**Assignment**:
Where an image appears, leave it out; otherwise repeat the data exactly.

**Input records**:
● ● ● ●

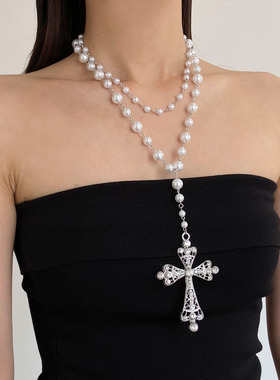 双层叠戴金属十字架珍珠长项链女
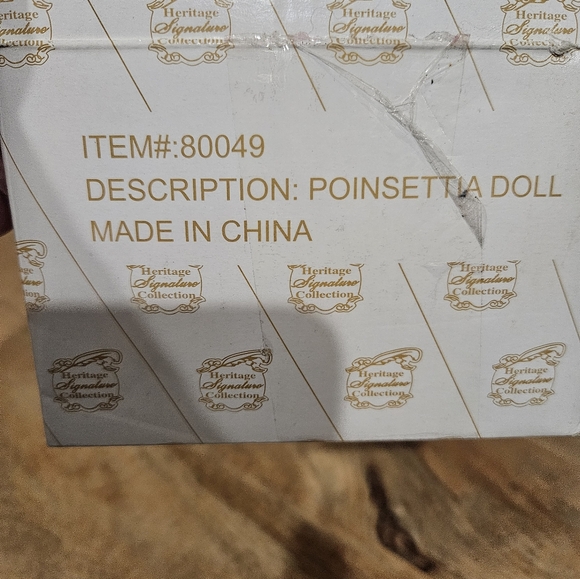 New Heritage Signature Collection doll - Picture 7 of 9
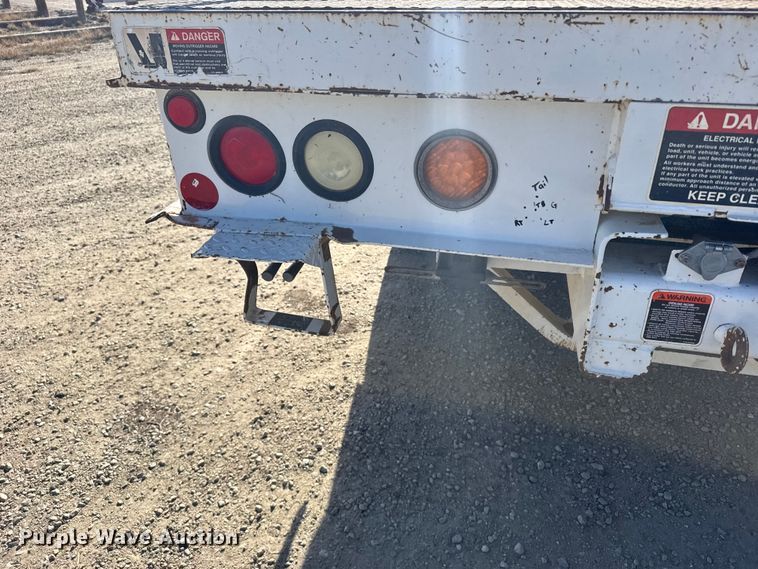 image for item EU6227 2011 Kenworth T3 Series digger derrick truck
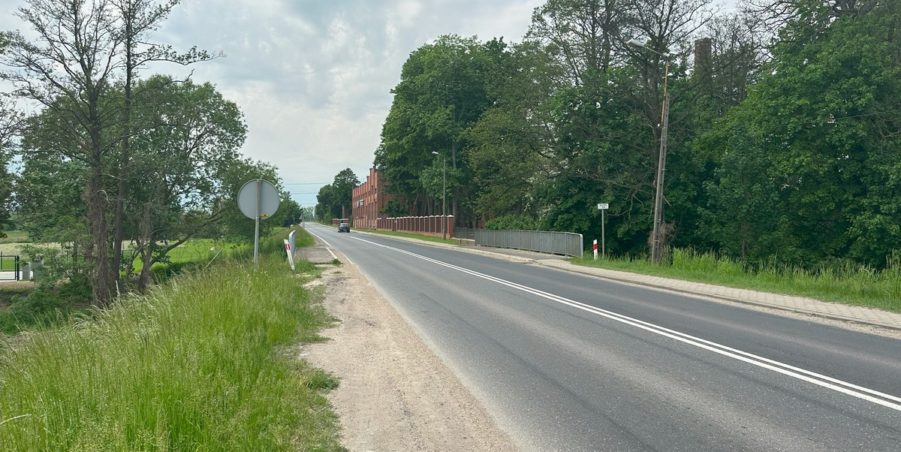 2023 05 23 km 247+700 strona lewa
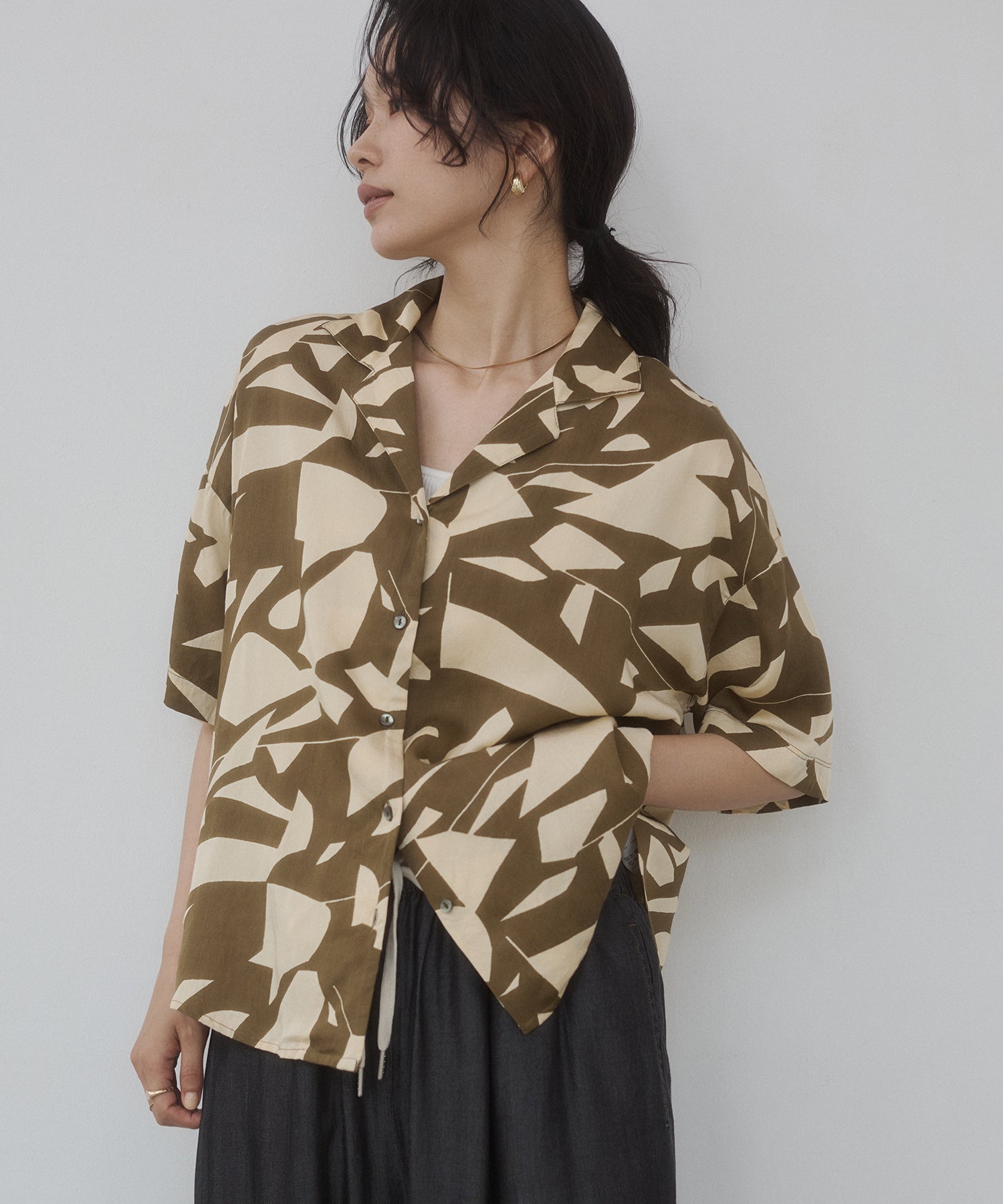 VISCOSE SATIN PRINTED OPEN-COLLAR SHIRT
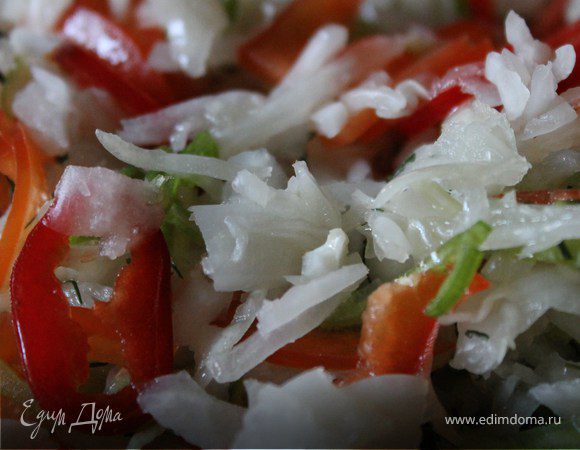 Зимний салат из квашеной капусты с болгарским перцем Зимний салат из квашеной капусты с болгарским перцем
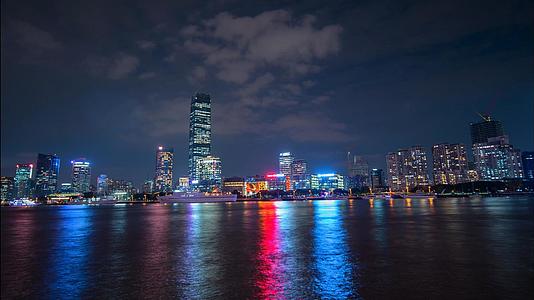 8k上海北外滩城市灯光大楼夜景延时黄浦江摄影视频的预览图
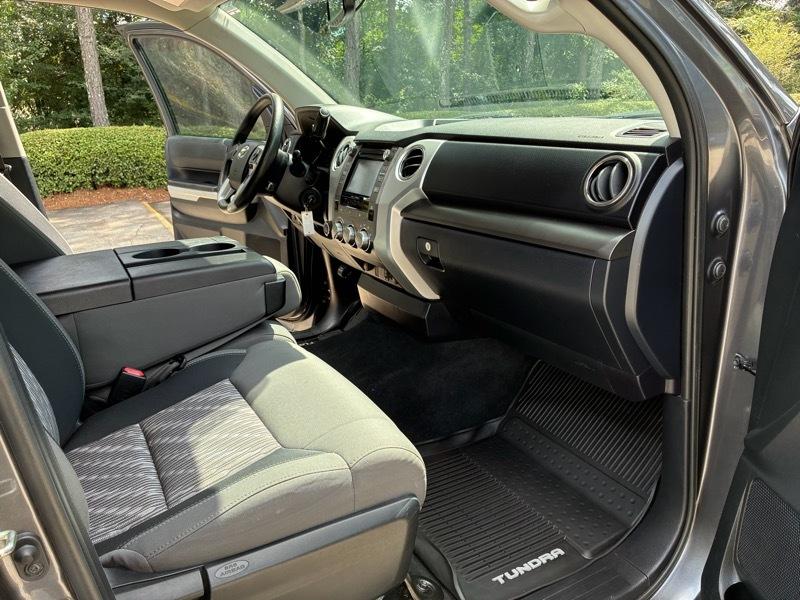 Toyota Tundra SR5 5.7L V8 CrewMax 4WD 2019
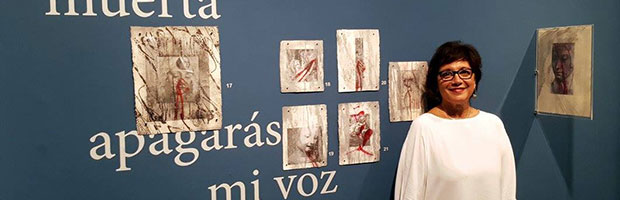 Paqui Martín pone imagen a los microrrelatos de 65 autoras canarias contra la violencia de género, en la Casa de Colón // CanariasCreativa.com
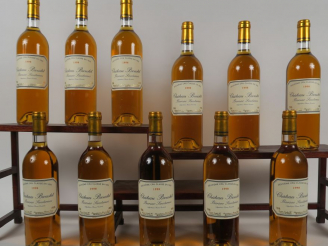 Vente aux enchères 11 BOUTEILLES CHÂTEAU BROUSTET BARSAC SAUTERNES - 1998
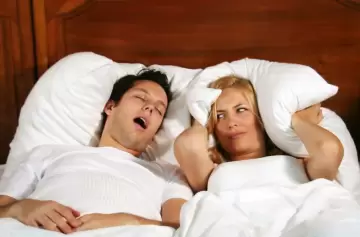 La alarmante conexión entre los ronquidos y enfermedades cardiovasculares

● ● ● ●

**Your response**:
 双层叠戴金属十字架珍珠长项链女
 New Heritage Signature Collection doll - Picture 7 of 9
 image for item EU6227 2011 Kenworth T3 Series digger derrick truck
 2023 05 23 km 247+700 strona lewa
 VISCOSE SATIN PRINTED OPEN-COLLAR SHIRT
 Зимний салат из квашеной капусты с болгарским перцем Зимний салат из квашеной капусты с болгарским перцем
 8k上海北外滩城市灯光大楼夜景延时黄浦江摄影视频的预览图
 Toyota Tundra SR5 5.7L V8 CrewMax 4WD 2019
 Paqui Martín pone imagen a los microrrelatos de 65 autoras canarias contra la violencia de género, en la Casa de Colón // CanariasCreativa.com
 Vente aux enchères 11 BOUTEILLES CHÂTEAU BROUSTET BARSAC SAUTERNES - 1998
 La alarmante conexión entre los ronquidos y enfermedades cardiovasculares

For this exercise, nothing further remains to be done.